* Given material *
=== Section Start ===

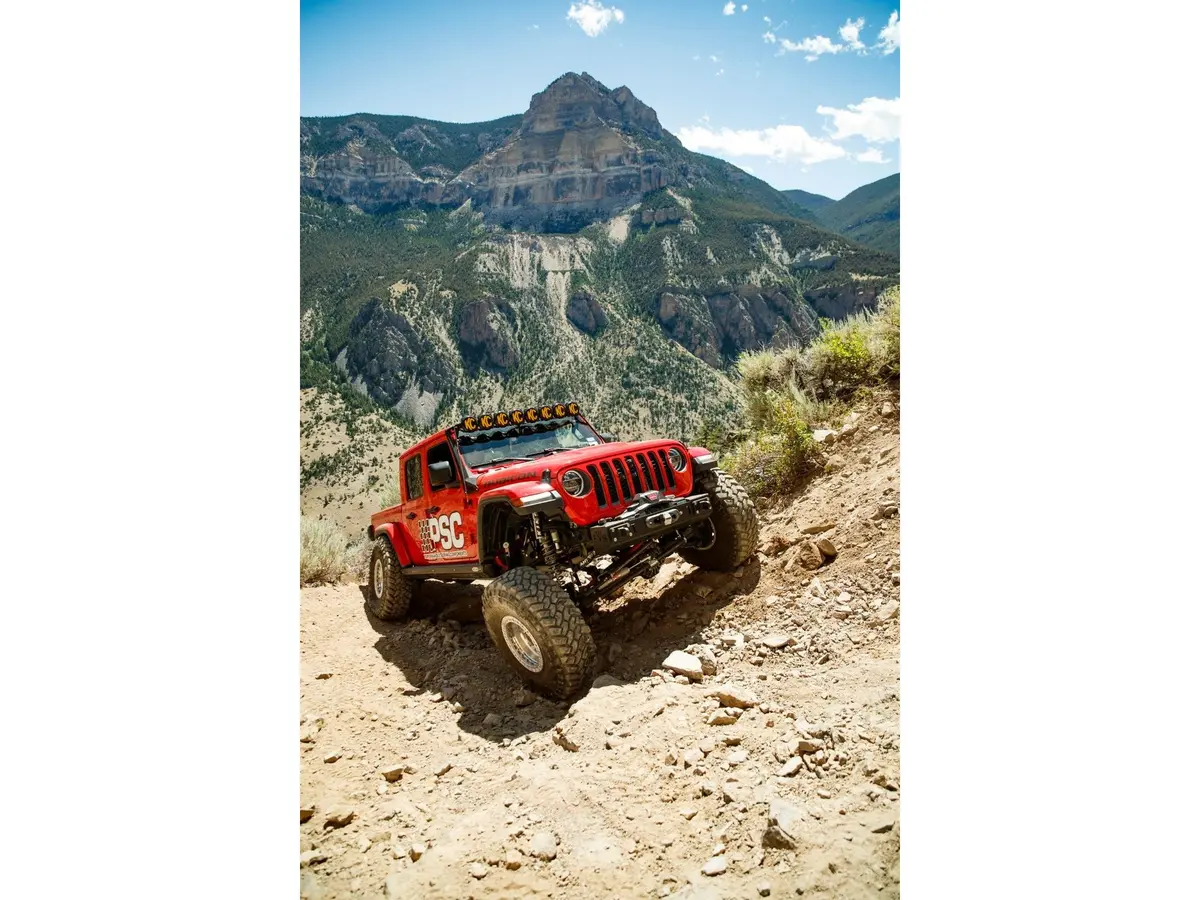 Quarter Pounder Front Winch Bumper For Jeep Wrangler & Gladiator Jk/Jl/Jt 5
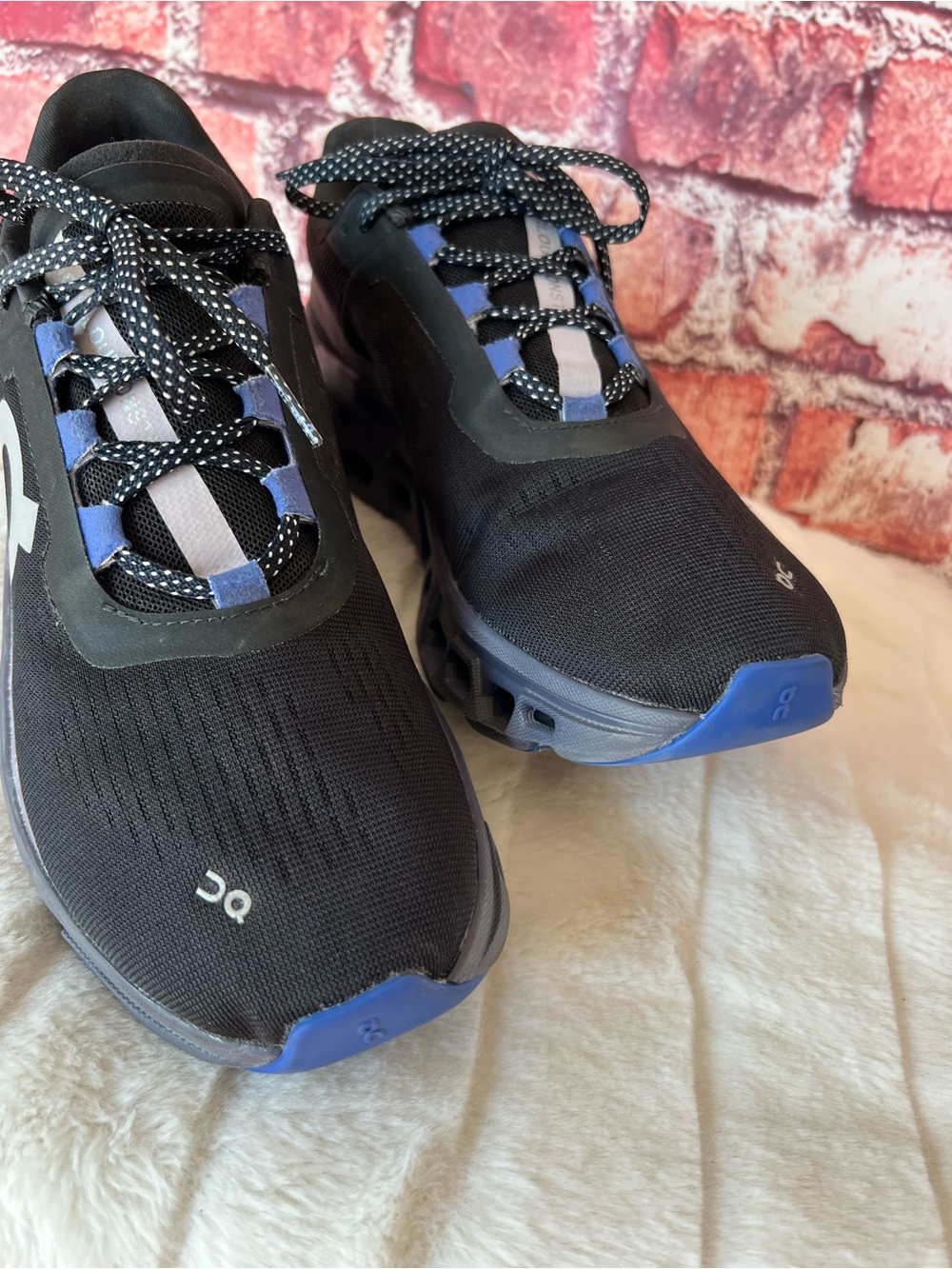 On Cloudmonster 1 Running Shoes Women's Size 9 Black Magnet Grey - Picture 3 of 9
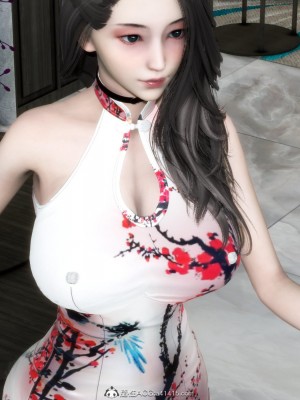 [3D][風箏] 媽媽和女友是仇敵的性奴 1- 23（完結）_4887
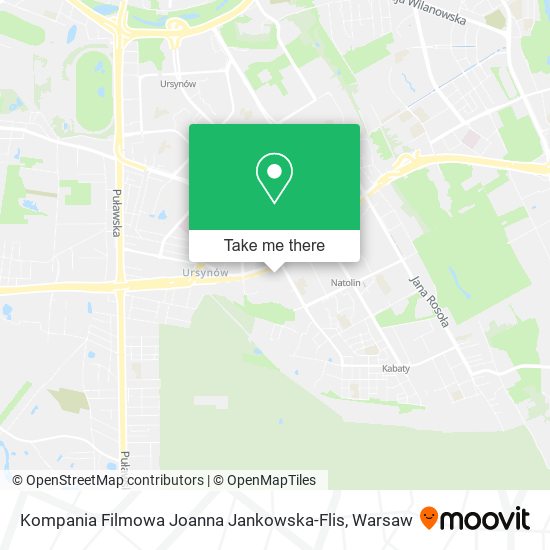 Kompania Filmowa Joanna Jankowska-Flis map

=== Section End ===

* Problem details *
Please set down the whole listing above exactly and skip every picture.

* Response area *
 Quarter Pounder Front Winch Bumper For Jeep Wrangler & Gladiator Jk/Jl/Jt 5
 On Cloudmonster 1 Running Shoes Women's Size 9 Black Magnet Grey - Picture 3 of 9
 [3D][風箏] 媽媽和女友是仇敵的性奴 1- 23（完結）_4887
 Kompania Filmowa Joanna Jankowska-Flis map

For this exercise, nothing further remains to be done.